The uniting of these two elements, the traditional and the progressive, appears to be characteristic of Francis. When he speaks of the poor, the Church of the poor, some see this as a sign of a redemption of the old liberation theology, the Church that “finally” take sides in society and fights ... As long as the poor — as we see in Evangelii Gaudium (EG) — are not deluded or manipulated by messianic politicians, or led astray by deaf and abstract intellectuals, but first of all nourished with the Word of God and the Eucharist!
From this point of view, Francis is the ripest fruit of the Second Vatican Council, and especially of a “sound” reading of the Council. In these intervening decades — as was masterfully explained by Benedict XVI — the Church has been divided between
a hermeneutic of rupture meaning that the Council was a watershed between the past and present-future; and the hermeneutic
of continuity meant the development of the life of faith in unity with the past, albeit a past that is re-read and re-applied to the needs of modern man.
In a strange short-sightedness, the “rupture” was attributed exclusively to progressive Catholicism that willingly forgot the sacraments in its desire to implement the class struggle; it preferred orthopraxis to orthodoxy. However, what went unnoticed among the conservative Catholicism was that a “rupture” is also present in the repetition of stale tradition, in the affirmation of orthodoxy without any concern for orthopraxis, in a rigid liturgy that fails to communicate the faith, in pounding on about laws and precepts from the pulpit, while despising the world and the man that Christ came to save.
Fifty years after the Council, Pope Francis goes beyond these two ruptures, the right wing and the left wing, and reaffirms the Council and the reading thereof as an exegesis of continuity. This is why his every action is both traditional and modern; he spends time in silent prayer before the Blessed Sacrament, and in a moving and loving silence draws close to the long lines of the ill and sick who each Wednesday fill the front rows at the general audience, worshipping both the “body” and the “flesh of Christ”.

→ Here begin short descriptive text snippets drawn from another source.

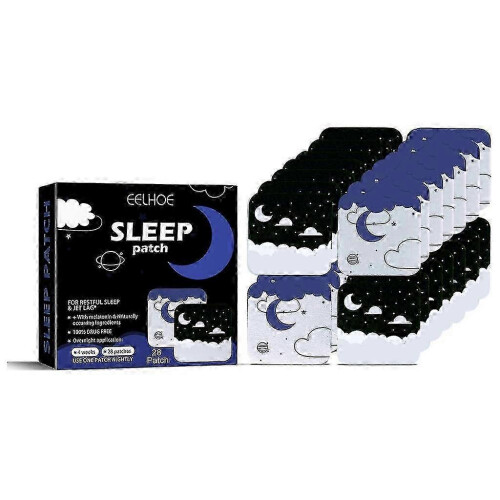 28pcs Help Sleep Stickers Insomnia Treatments Patch Sleeping Patches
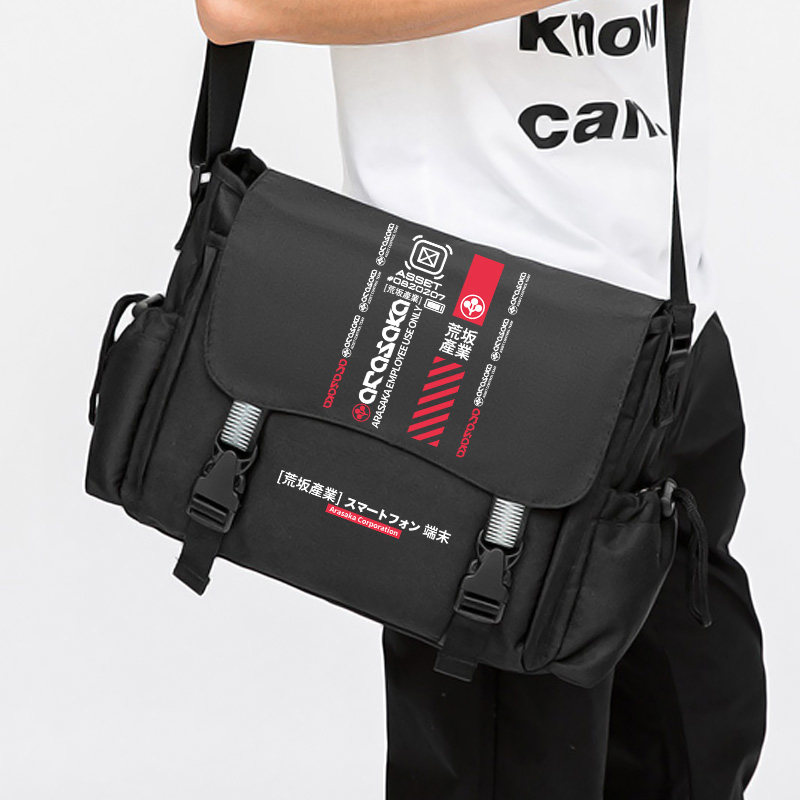 Cycling Commuter Backpack - حقيبة ظهر أنيمي سايبربانك 2077 للرجال،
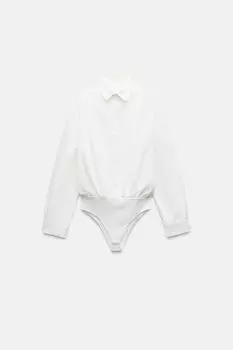 Рубашка боди ZARA, белый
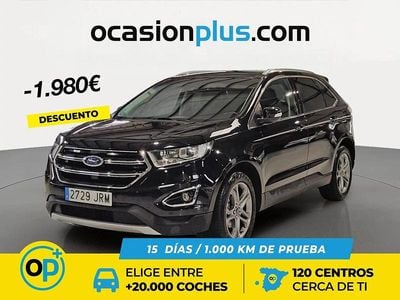 Usado Ford Edge Titanium 210 CV (154 kW) 2016 Negro SUV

This overcoming of rupture is seen in his ability to reconcile his own priesthood and that of all of the faithful (instead of leaning
towards one or the other) in his continuous enhancement of the role of the laity without diminishing that of priests; living as the bishop of Rome, enhancing that of the Bishops’ Conferences; his evoking universal charity: towards Syria, Ukraine, Central Africa ... the other Churches and Christian communities around the world, members of other religions.
If there is a simple way to define the Francis’ revolution, it is in the word “movement”: his is a Church that moves, comes out, willing to travel a beaten path and even to strip itself bare to render the truth and the sweetness of the Saviour available to everyone.